Searching for Dark Data by Paul Doscher.
From the post:
We live in a highly connected world where every digital interaction spawns chain reactions of unfathomable data creation. The rapid explosion of text messaging, emails, video, digital recordings, smartphones, RFID tags and those ever-growing piles of paper – in what was supposed to be the paperless office – has created a veritable ocean of information.
Welcome to the world of Dark Data
Welcome to the world of Dark Data, the humongous mass of constantly accumulating information generated in the Information Age. Whereas Big Data refers to the vast collection of the bits and bytes that are being generated each nanosecond of each day, Dark Data is the enormous subset of unstructured, untagged information residing within it.
Research firm IDC estimates that the total amount of digital data, aka Big Data, will reach 2.7 zettabytes by the end of this year, a 48 percent increase from 2011. (One zettabyte is equal to one billion terabytes.) Approximately 90 percent of this data will be unstructured – or Dark.
Dark Data has thrown traditional business intelligence and reporting technologies for a loop. The software that countless executives have relied on to access information in the past simply cannot locate or make sense of the unstructured data that comprises the bulk of content today and tomorrow. These tools are struggling to tap the full potential of this new breed of data.
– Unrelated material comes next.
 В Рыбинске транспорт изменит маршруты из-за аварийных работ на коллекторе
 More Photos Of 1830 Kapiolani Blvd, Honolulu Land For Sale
The good news is that there’s an emerging class of technologies that is ready to pick up where traditional tools left off and carry out the crucial task of extracting business value from this data.
Effective exploration of Dark Data will require something different from search tools that depend upon:
- Pre-specified semantics (RDF) because Dark Data has no pre-specified semantics.
- Structure because Dark Data has no structure.
Effective exploration of Dark Data will require:
Machine assisted-Interactive searching with gifted and grounded semantic comparators (people) creating pathways, tunnels and signposts into the wilderness of Dark Data.
I first saw this at: Delving into Dark Data.